\section{Metrics}

% Describes all the metrics involved in your task. If you develop new metrics, you must provide the code for the evaluation. Please, be specific on what you're measuring and whether there are any baselines to be considered. Also, in case this dataset, possibly in English or other languages, has been used in other research, please report what results were observed if considered interesting.

For both tasks we employ an accuracy metric which is computed differently depending on the task.

\paragraph{Completion Task.} To automatically calculate the accuracy on the \textit{completion} task we compute the edit distance\footnote{The implementation from \url{https://docs.python.org/3/library/difflib.html} was employed.} between the provided completion and the correct ending of the proverb. 

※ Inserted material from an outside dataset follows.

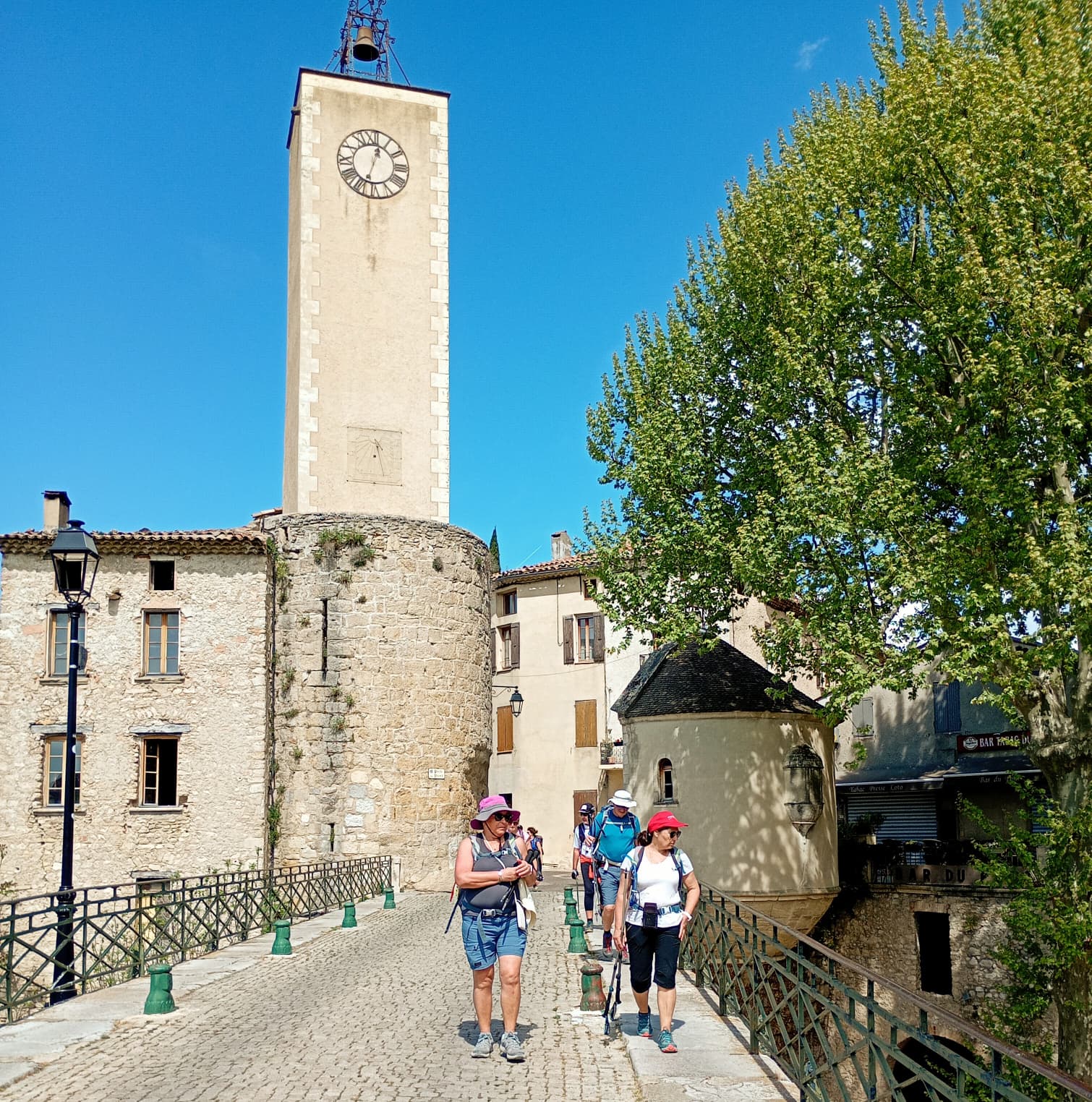 WhatsApp Im4 19 at 19.30.39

\paragraph{Multi-Choice Task.} The accuracy of the \textit{multi-choice} task was defined as the ratio of correctly chose options (which is always E) over the multiple choices. %Also in this task, each prompt was presented to each model three times; if no majority emerged across the three runs, the response was marked as incorrect.

%For all tasks, a zero-shot prompting strategy was employed and all requests have been sent separately via API, specifically using the OpenRouter unified interface~\cite{openrouter2024}. For all models the temperature was left at the default OpenRouter value of 1.0 since we countered their nondeterministic nature by employing a majority vote.